Thanks to Ironic Catholic and The Curt Jester for today’s Humor of the Day! 🙂

Teilhard de Chardin:
The chicken was pursuing a teleological upsurge toward final consumation in the Omega Point of Divine Love.

Flannery O’Connor:
The chicken was struck by a truck while crossing the road, but experienced a flash of grace in the instant of its death. I prefer peacocks anyway.

Thomas Aquinas:
Whether the chicken crossed the road?
Objection: It seems that the chicken did not cross the road, for chickens are accustomed to the farmyards that are the source of their food, and the henhouse that is the source of their rest.
On the contrary, “And God said to Noah, ‘Go into the ark, and take with you . . . seven pairs of birds of the air. . . .” — which could not have been accomplished had the chickens not crossed the road to the ark.

Congregation for the Doctrine of the Faith:
We don’t care why the chicken crossed the road, as long as it had the right of way and crossed in an approved crosswalk.

St. Lawrence of Rome:
Run, chicken, run! Run from the rotisserie!

St. Paul:
Let’s just hope that the chicken had a life-changing encounter with the risen Christ along the way.

Moses:
And the angel of the Lord went before the chicken, and there was a strong wind, and the traffic parted before the chicken, so that it was able to go into the midst of the road, with the traffic forming a wall on the left and a wall on the right, so that the chicken crossed the road safely. The farmer pursued the chicken into the midst of the road, and the angel of the Lord looked down on the chicken, and the traffic closed in on the farmer, so that the chicken did prevail with the help of the Lord.

Father Daniel Berrigan:
Clearly, the chicken crossed the road as a nonviolent protest of the road’s implication in the military-industrial complex.

Congregation for Divine Worship and the Discipline of the Sacraments:
We’re not sure, but if it was trying to reach across the road to hold hands with another chicken during the Lord’s Prayer, we may have to butcher it.

Ad Hoc Committee to Oversee the Use of the Catechism of the Catholic Church:
The Ad Hoc Committee to Oversee the Use of the Catechism of the Catholic Church declares that this joke is not in conformity with the Catechism of the Catholic Church because 1) it lacks Trinitarian organization; 2) it fails to teach about the judgment of all chickens and the real possibility of hell for all chickens; 3) it fails to mention the fallen nature of the chicken; 4) it fails to use the male personal pronoun to refer to God . . . in fact, it doesn’t mention God at all. Why we are reviewing this?
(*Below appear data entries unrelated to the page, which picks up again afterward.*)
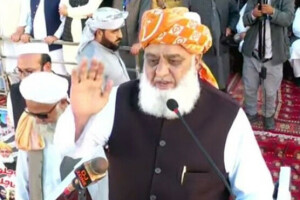 اسٹیبلشمنٹ معیشت بہتر کرنا چاہتی ہے اسے بلیک میل کیا جارہا ہے، مولانا فضل الرحمان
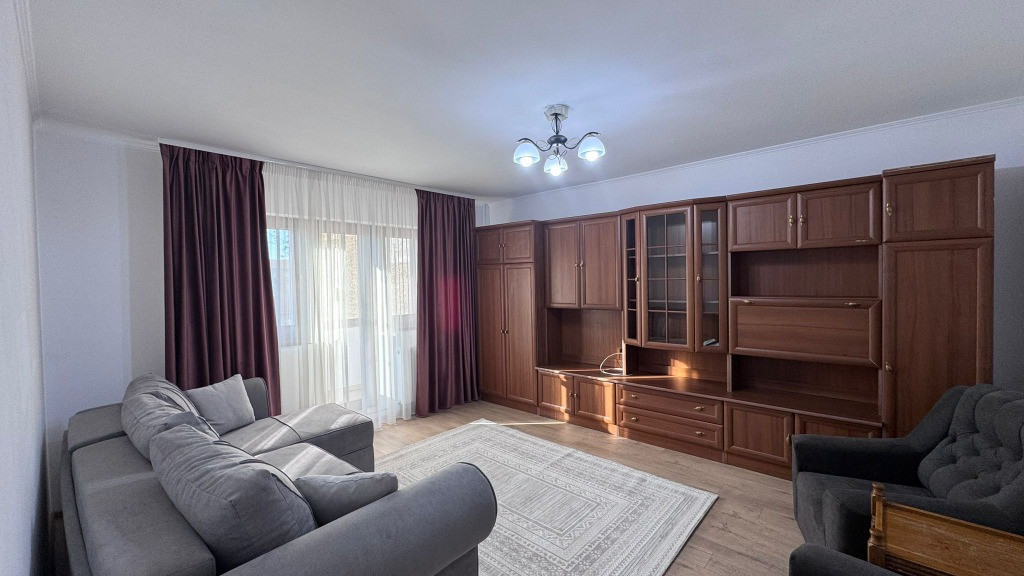 Apartament 4 camere de închiriat, str. Călugăreni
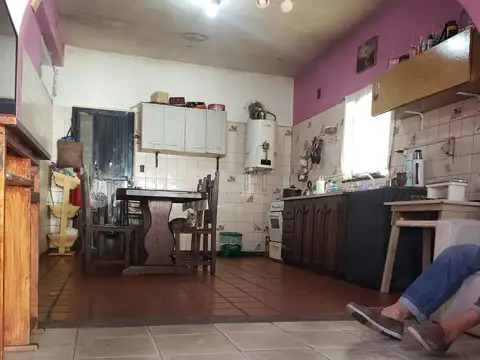 Casa 7 ambientes con 4 baños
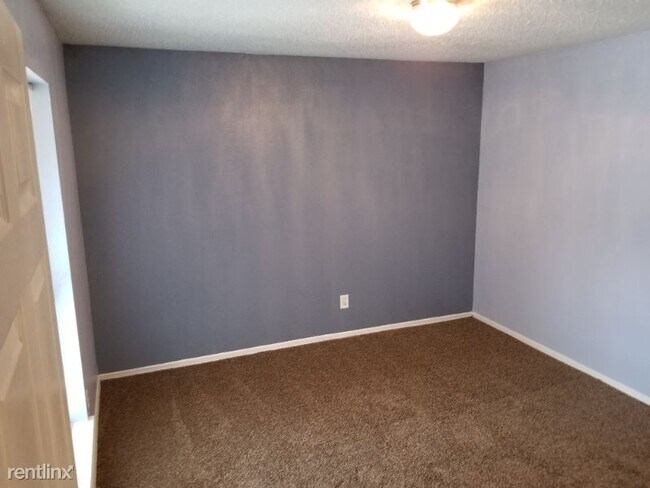 Foto del edificio - 2920 Sycamore School Rd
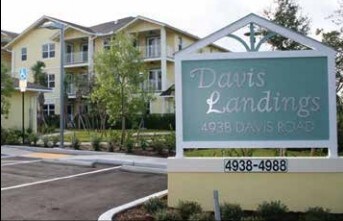 Davis Landings in Lake Worth, FL - Building Photo
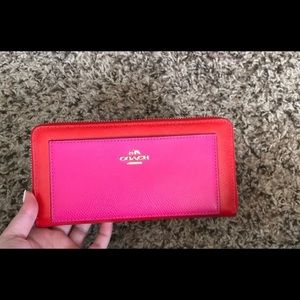 Coach wallet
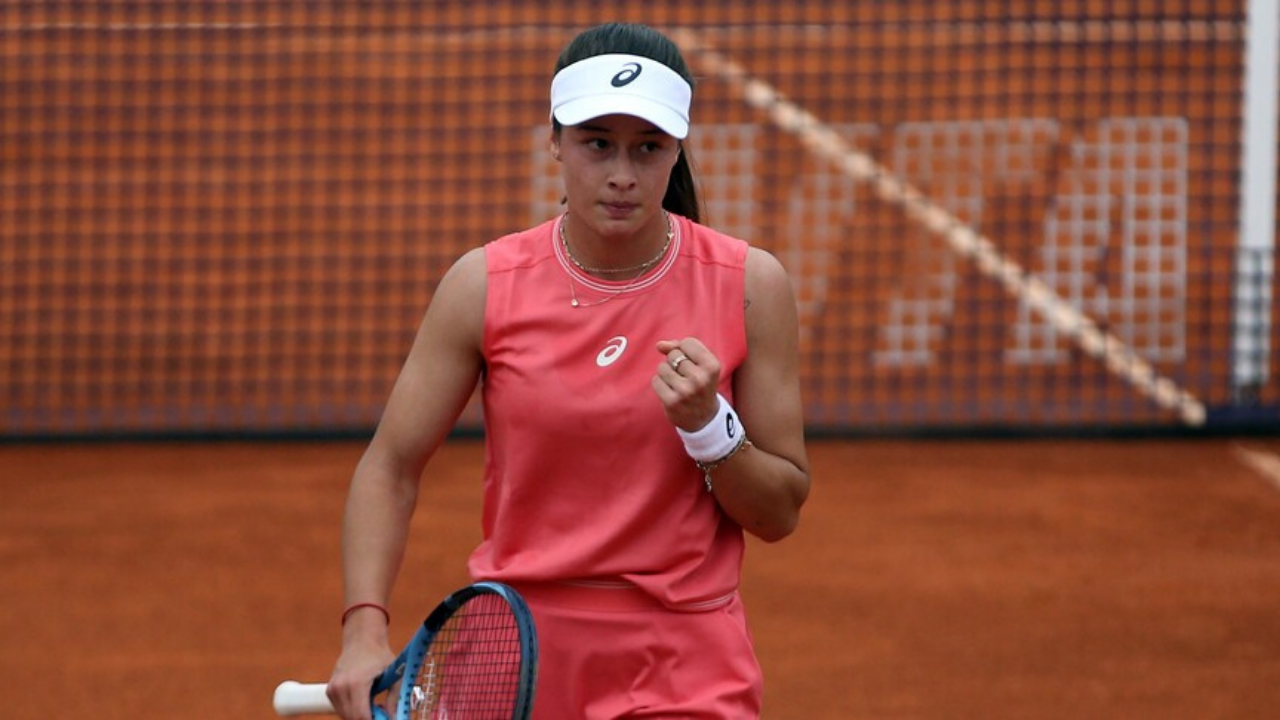 Zeynep Sönmez, Eastbourne Açık'ta çeyrek finale yükseldi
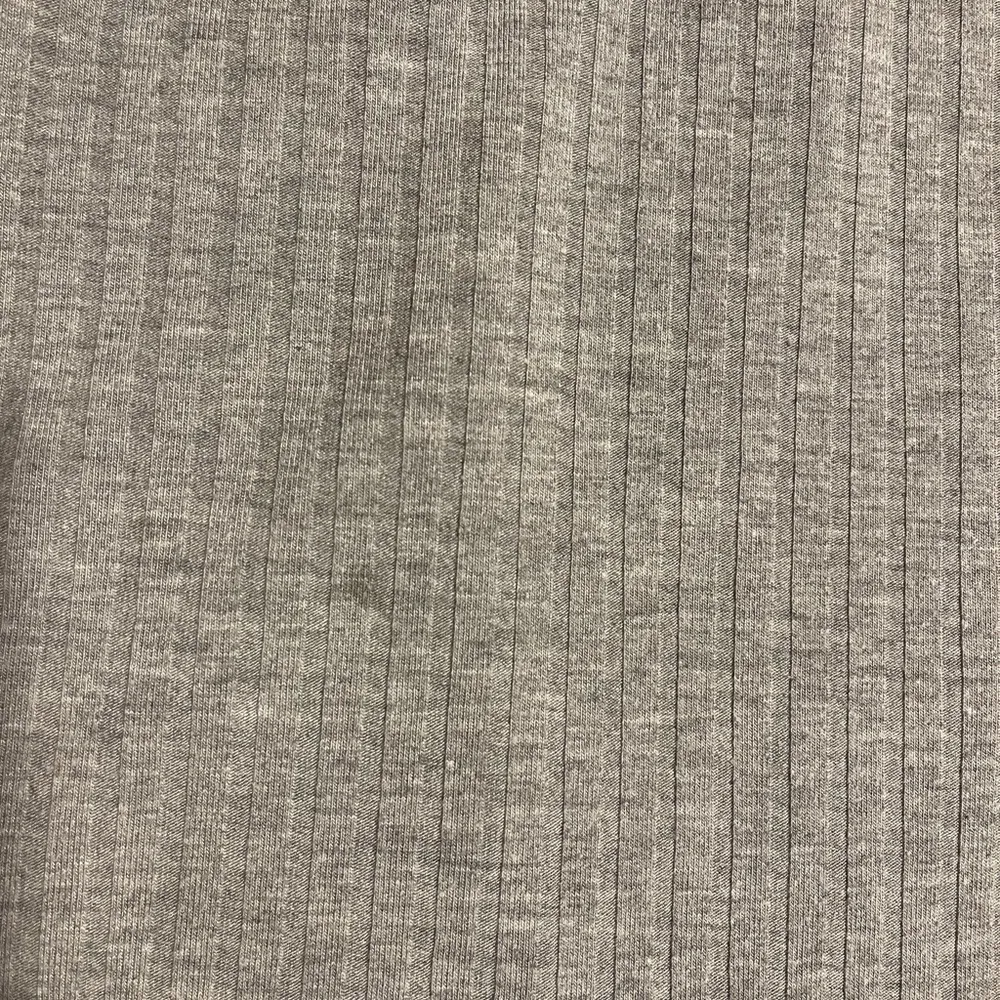 grey open back sleeveless dress - Image 5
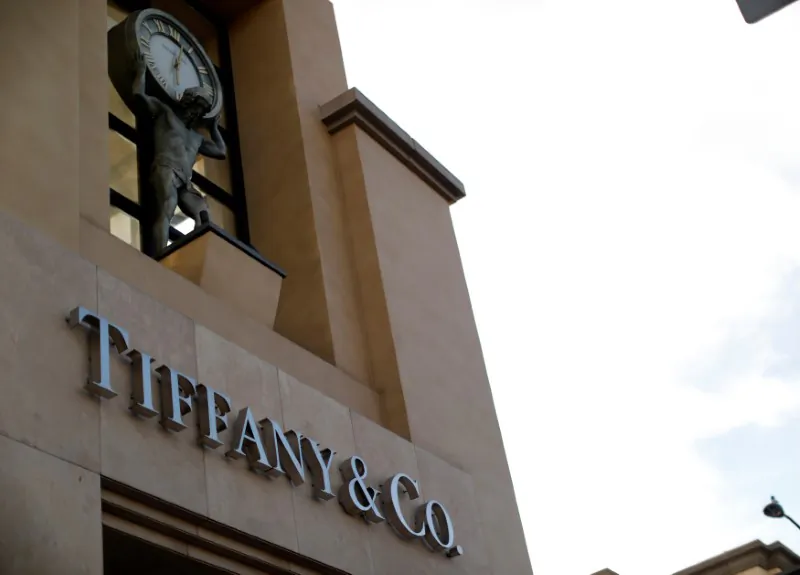 The sign of a Tiffany & Co. store is pictured in Pasadena, California, U.S. on Nov. 28, 2017. (Mario Anzuoni/Reuters)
What was the question again?

Job:
…and while we’re getting into it, why did the chicken cross the road, anyway?
God:
Who is this who dares darken counsel by asking why the chicken crossed the road? Gird your loins like a man; I will question you, and you will answer me: Where were you when I made the chicken, with its ineffectual yet tasty wings? Did you give the chicken its cluck? Is it by your wisdom that the chicken runs, flapping its wings toward the distant horizon? Did you set the foundations of the earth upon which the road runneth? Answer, for surely you are great in years!
Job:
Of what account am I? See, I will lay my hand on my mouth, and ask no more why the chicken crossed the road.

Karl Rahner:
If the chicken has made a fundamental option to cross the road then he will indeed cross the road

G.K. Chesterton:
A chicken decided to go to a foreign country and to invent his own heresies. What the chicken found instead is that in fact he had never left his country and had crossed the road and discovered that his heresies were orthodoxy.

Therese de Lisieux:
If the chicken decides to make himself small, God will lift him up and place him on the other side of the road.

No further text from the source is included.